Ask HN: Why are lenders allowed to discriminate against the self-employed? - boldpanda


======
Alupis
you did not provide any details... but usually it's due to the difficulty you
have in proving a reliable and steady income. It's not "discrimination", it's
viewing you as an unknown and/or higher risk.

When you have a job/career, provided by someone else, you are viewed as likely
to be more stable in regards to your monthly income. Typically your monthly
income is fixed or round-about the same as every month, providing said
stability. This is viewed as lower risk, because they can judge how likely
they believe you are capable of repaying your debt. Yes, you may lose your
job/are terminated, and they take this into account as well, usually by noting
how long you have been employed at the current location, etc. Other factors
contribute to your ability to be take on debt, such as if you own your home or
rent, and how much your monthly payments are, any other existing large loans,
etc.

When you are self employed, it is difficult to gauge the level of stability
you may have. One month may be great, the other not so great. It's also
difficult to prove on paper exactly what you are paid since you are paying
yourself (nobody to vouch for you), and it could be temporarily artificially
inflated with the intent of getting a loan, etc. Being self employed, they may
view you as higher risk also due to your priorities (ie. your business). In
the event you fall on hard times, will you pay the debt back first and
foremost or will you struggle to save your business (because it's the only
method of income).
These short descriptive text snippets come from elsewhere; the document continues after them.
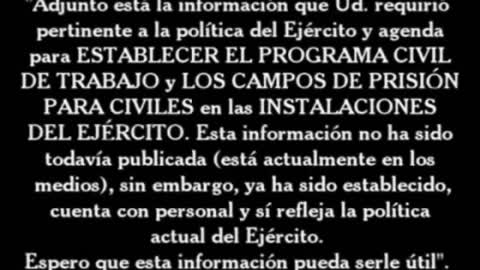 ALERTA!!! COLAPSO MUNDIAL - Fin de los Tiempos.org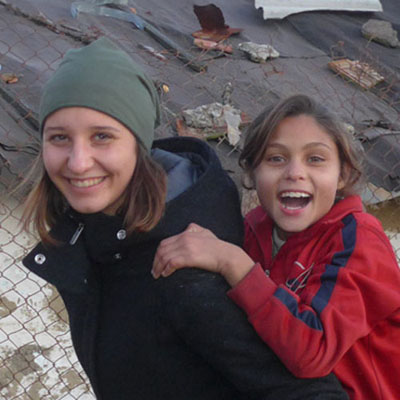 BuKi Reisebericht Maria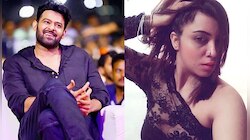 প্রভাসকে নিয়ে ক্রমাগত মিথ্যে বলছেন আরশি খান?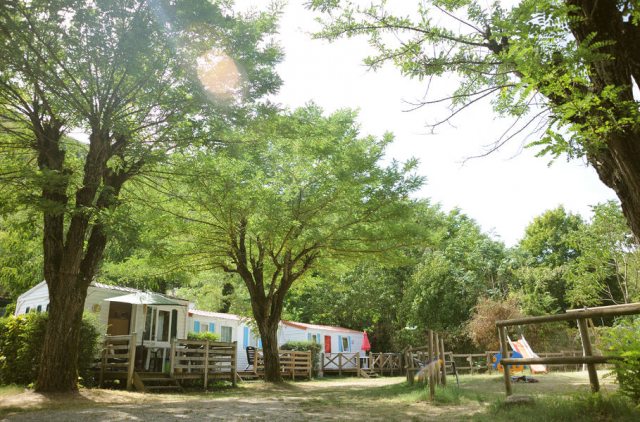 Camping la Bohème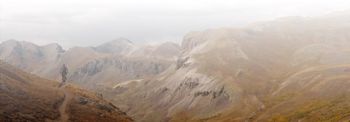 COLORADO TRAIL: Z GORSKIM KOLESOM ČEZ SKALNO GOROVJE (potopisno predavanje)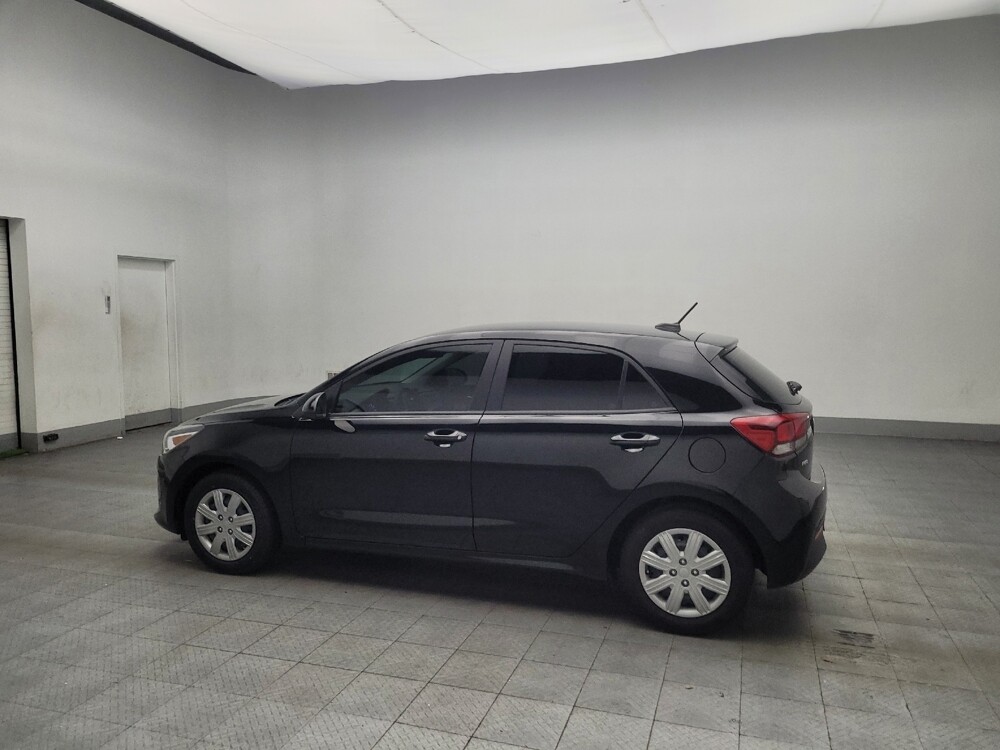 2023 Kia Rio in Augusta, GA 30907 - 18102305 3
This contributes, along with other factors, to you being
viewed as a higher risk.

I'd wager different types of loans will be more accessible than others, such
as a business loan if you are in fact incorporated or an LLC (I don't know
about sole proprietorships but my guess would be it varies by state/country).
The purpose of the loan will greatly effect you ability to take on the debt,
ie. a personal loan because you just want some new things is not likely to be
granted unless you put of collateral.

Of course, a lot of this depends on the lender and their policies/terms. I'm
not an expert, so if this is a problem for you currently I'd recommend
reaching out to a few different lenders and asking them to explain their
polices.